On December 18, 2014, McKee released a song called "California Winter" on to her SoundCloud and iTunes. On April 12, 2015, in an interview with Ultimate Music, she announced she had departed from Epic Records. McKee stated that this was because she favors her being an independent artist because she felt controlled and like she had no creative freedom. She said that she is releasing her second extended play in June. She also stated her intentions for it to be a visual EP. One song titled "Wasted Youth" has been announced and has already had its music video filmed. At the Billboard Music Awards 2015, McKee revealed in an interview that Charlie Puth, with whom she had previously worked on her song "California Winter", had co-written her next single, which she also said would be released in the next week. This single is believed to be called "Bombastic" as teased on her Instagram page.

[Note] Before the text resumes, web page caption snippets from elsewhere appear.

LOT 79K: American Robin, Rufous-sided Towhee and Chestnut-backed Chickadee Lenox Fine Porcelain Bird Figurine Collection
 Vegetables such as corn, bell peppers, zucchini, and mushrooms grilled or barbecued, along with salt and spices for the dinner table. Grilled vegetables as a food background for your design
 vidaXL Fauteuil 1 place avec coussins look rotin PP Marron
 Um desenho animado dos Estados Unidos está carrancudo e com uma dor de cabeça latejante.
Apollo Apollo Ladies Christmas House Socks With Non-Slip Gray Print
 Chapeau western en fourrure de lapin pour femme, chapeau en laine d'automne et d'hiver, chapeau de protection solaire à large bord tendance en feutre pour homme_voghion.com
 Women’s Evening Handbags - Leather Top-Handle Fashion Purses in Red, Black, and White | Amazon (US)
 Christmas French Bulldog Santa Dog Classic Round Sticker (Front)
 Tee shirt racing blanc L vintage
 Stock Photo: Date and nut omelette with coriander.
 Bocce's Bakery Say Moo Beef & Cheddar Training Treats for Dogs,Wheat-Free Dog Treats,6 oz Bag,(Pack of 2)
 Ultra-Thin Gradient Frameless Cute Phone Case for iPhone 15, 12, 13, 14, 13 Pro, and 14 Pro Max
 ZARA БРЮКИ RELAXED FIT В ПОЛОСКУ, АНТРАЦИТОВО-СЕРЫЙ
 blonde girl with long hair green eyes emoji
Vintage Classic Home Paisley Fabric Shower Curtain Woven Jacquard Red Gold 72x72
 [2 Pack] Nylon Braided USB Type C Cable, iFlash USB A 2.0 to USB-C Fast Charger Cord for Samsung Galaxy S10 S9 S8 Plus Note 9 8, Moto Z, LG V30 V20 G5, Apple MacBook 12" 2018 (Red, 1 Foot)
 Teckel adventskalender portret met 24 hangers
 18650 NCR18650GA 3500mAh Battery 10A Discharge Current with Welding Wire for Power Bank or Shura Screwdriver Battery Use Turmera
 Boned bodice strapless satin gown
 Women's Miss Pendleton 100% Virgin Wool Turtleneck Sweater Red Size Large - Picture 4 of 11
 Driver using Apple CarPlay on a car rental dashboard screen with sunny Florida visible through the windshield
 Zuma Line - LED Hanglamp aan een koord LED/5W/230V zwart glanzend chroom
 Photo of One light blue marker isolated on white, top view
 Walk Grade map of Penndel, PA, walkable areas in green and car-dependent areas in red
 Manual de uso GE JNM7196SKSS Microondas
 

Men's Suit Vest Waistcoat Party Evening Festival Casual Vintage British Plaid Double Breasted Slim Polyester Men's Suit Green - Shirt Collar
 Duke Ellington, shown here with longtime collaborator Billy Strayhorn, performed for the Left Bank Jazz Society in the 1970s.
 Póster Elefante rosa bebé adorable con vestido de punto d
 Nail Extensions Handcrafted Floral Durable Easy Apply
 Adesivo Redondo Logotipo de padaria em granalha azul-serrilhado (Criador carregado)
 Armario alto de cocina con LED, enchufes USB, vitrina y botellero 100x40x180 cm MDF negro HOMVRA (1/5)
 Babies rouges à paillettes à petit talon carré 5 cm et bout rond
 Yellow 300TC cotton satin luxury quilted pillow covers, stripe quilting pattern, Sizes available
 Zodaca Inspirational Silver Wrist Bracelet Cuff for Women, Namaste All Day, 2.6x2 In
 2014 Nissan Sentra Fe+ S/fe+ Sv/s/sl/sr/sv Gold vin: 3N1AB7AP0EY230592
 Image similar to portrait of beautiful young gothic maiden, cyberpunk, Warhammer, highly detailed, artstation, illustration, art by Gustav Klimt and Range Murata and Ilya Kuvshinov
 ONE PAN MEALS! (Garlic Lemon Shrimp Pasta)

The video for "Bombastic" released onto Bonnie's VEVO account on May 26, 2015. McKee is set to appear in Eden xo's music video for her single "The Weekend". McKee plays "Cinderella". The "Bombastic" EP was released on June 30, being her first album release since her 2004 debut Trouble. 

On July 1, McKee announced on a live stream she was trying to get back the rights to the songs she had previously recorded with her former label Epic Records, so she could finally get to release them; she also confirmed physical copies of the "Bombastic" EP were being released in the coming months. For Christmas, McKee released a special called "California Winter Extravaganza" on her YouTube account on December 16, which features Ferras, Sarah Hudson, Lindsey Stirling, Todrick Hall, Karmin, Eden xo, Paper Pilots, and Bridget Marquardt.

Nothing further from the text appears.